■ WHAT NEEDS TO BE DONE ■
Omit the pictures and output every entry below exactly as written.
######
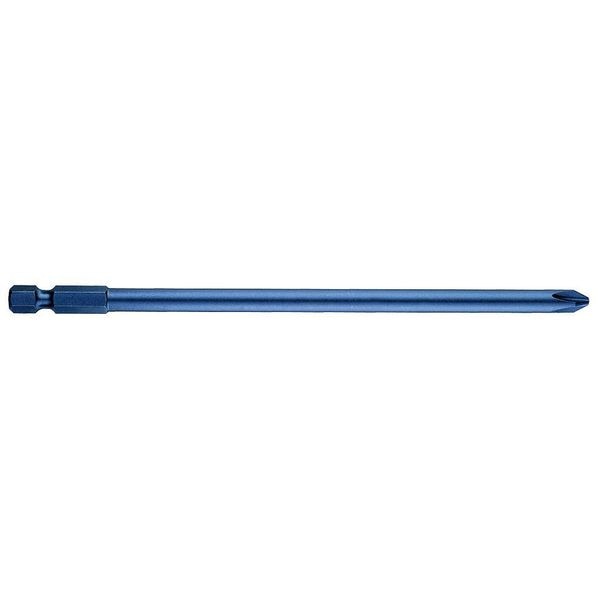 Power Bit, SAE, 1/4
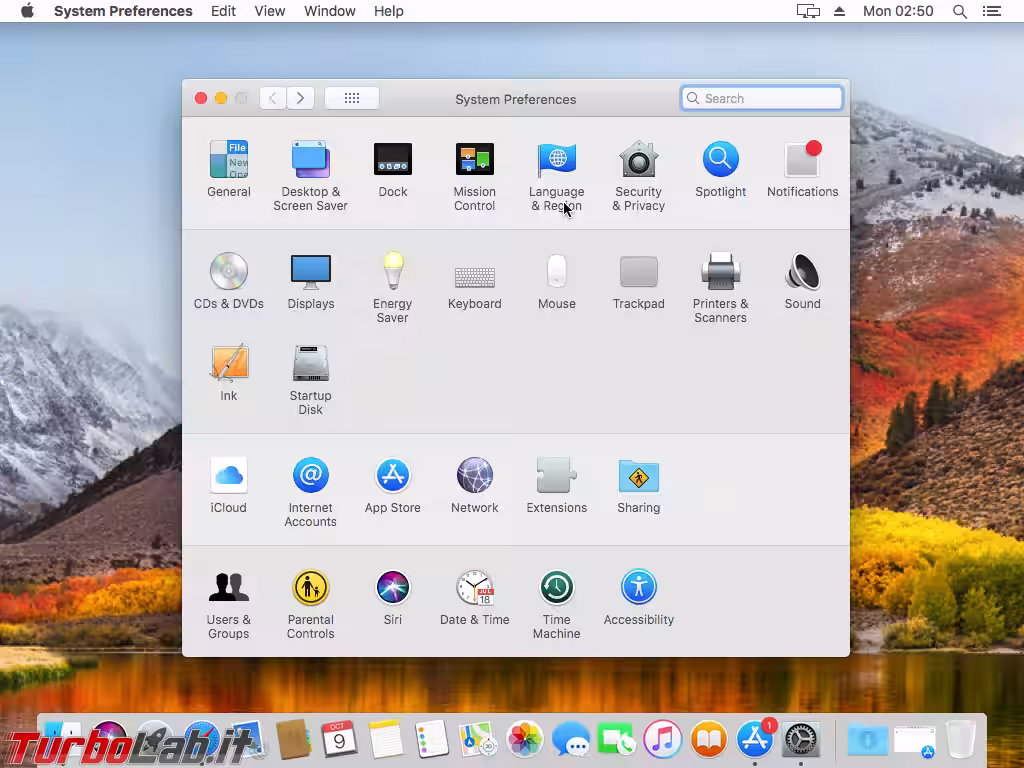 VirtualBox_macOS_09_10_2017_11_50_46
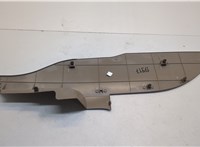  Пластик центральной консоли Honda Pilot 2002-2008 20780165 #3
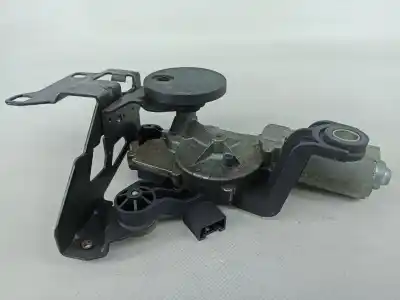 Piesă de schimb auto la mâna a doua motor stergãtor spate pentru bmw 3 touring (e91) 320 d referințe oem iam 1397220497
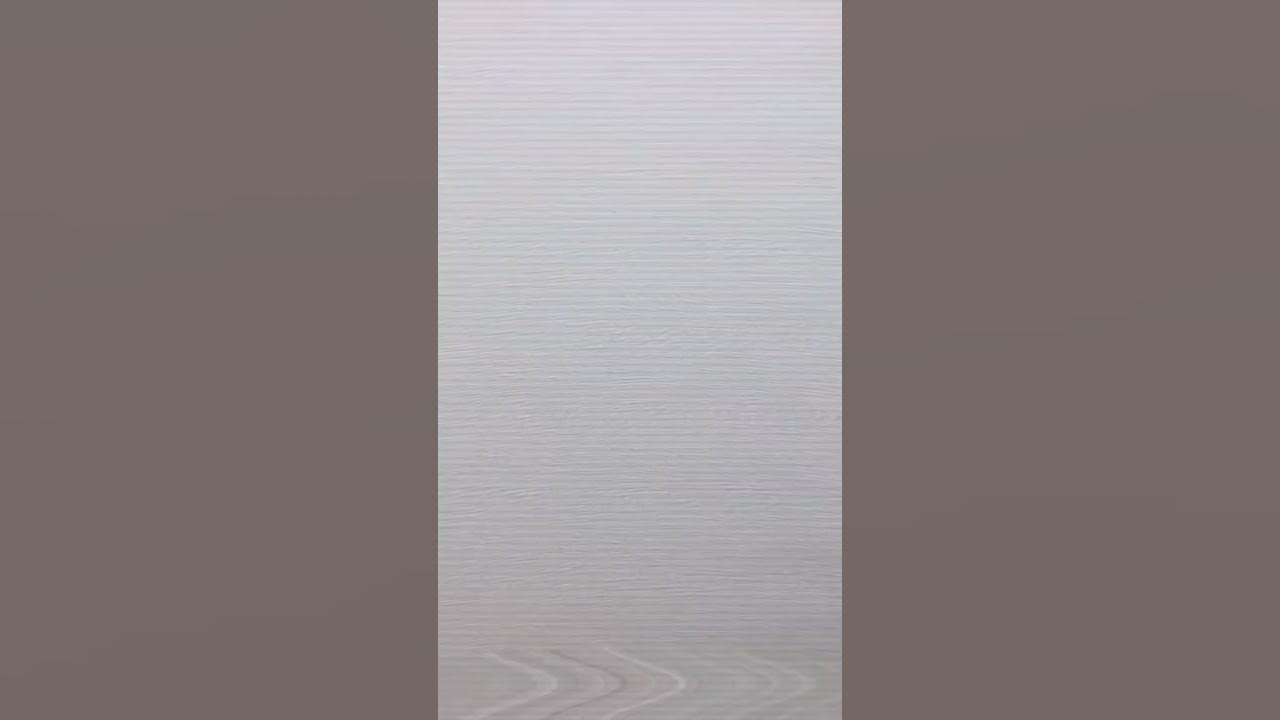 Hパーム編 リズムに乗って6面完成 ルービックキューブ Short Youtube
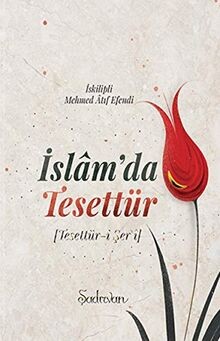 Islamda tesettur i - islamda,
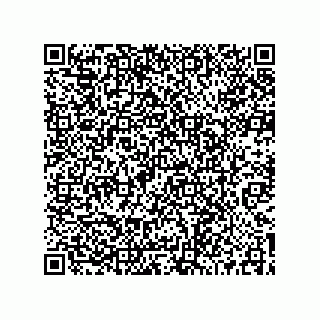 vCard 73519039598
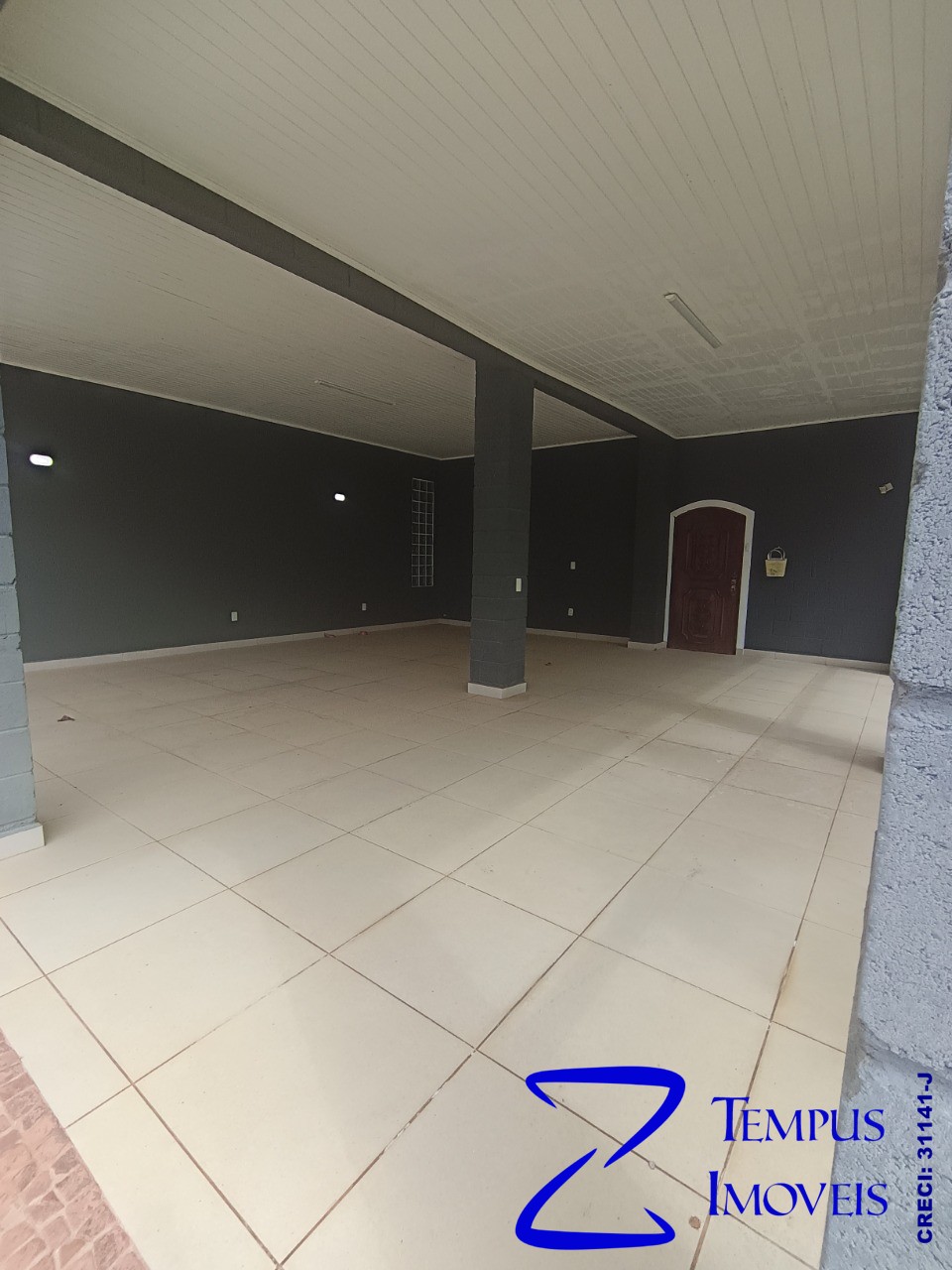 Casa, 3 quartos, 300 m² - Foto 3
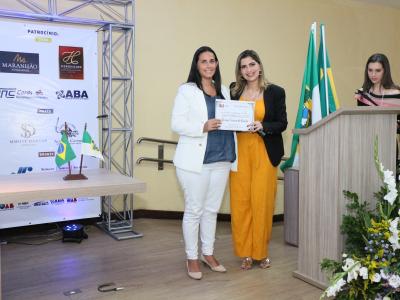 I FÓRUM DE DIREITO DO TRABALHO E PREVIDENCIÁRIO: Entendendo as reformas.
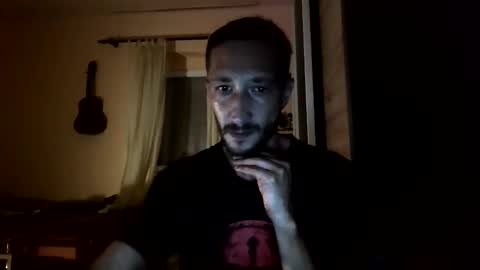 underguy19 online show from September 2025 09:27:01 PM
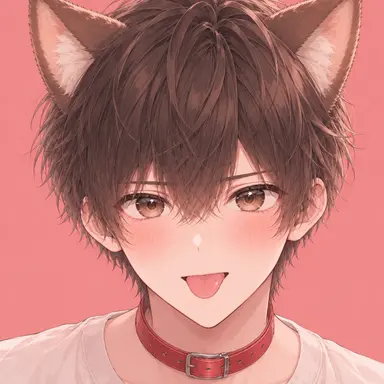 Profile image of 후타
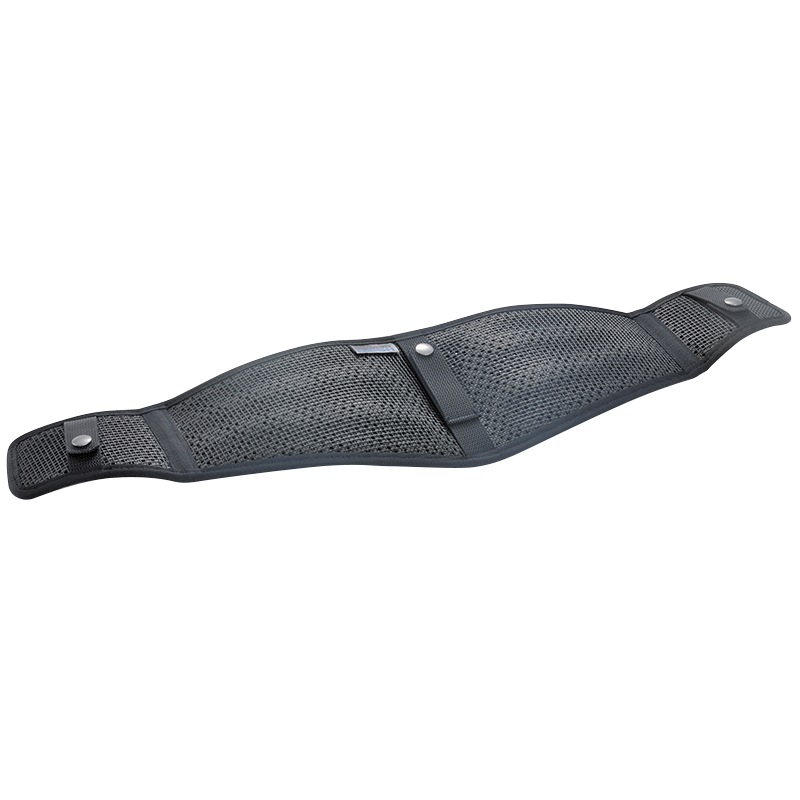 ��web���ꥲ��饻�����ڥ������������٥�� �ץ�������3D PGME [37020]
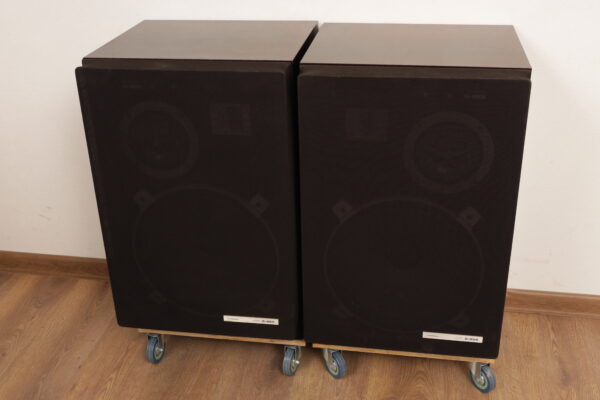 Pioneer S-955 — изображение 19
######
■ EXERCISE SOLUTION ■
 Power Bit, SAE, 1/4
 VirtualBox_macOS_09_10_2017_11_50_46
  Пластик центральной консоли Honda Pilot 2002-2008 20780165 #3
 Piesă de schimb auto la mâna a doua motor stergãtor spate pentru bmw 3 touring (e91) 320 d referințe oem iam 1397220497
 Hパーム編 リズムに乗って6面完成 ルービックキューブ Short Youtube
 Islamda tesettur i - islamda,
 vCard 73519039598
 Casa, 3 quartos, 300 m² - Foto 3
 I FÓRUM DE DIREITO DO TRABALHO E PREVIDENCIÁRIO: Entendendo as reformas.
 underguy19 online show from September 2025 09:27:01 PM
 Profile image of 후타
 ��web���ꥲ��饻�����ڥ������������٥�� �ץ�������3D PGME [37020]
 Pioneer S-955 — изображение 19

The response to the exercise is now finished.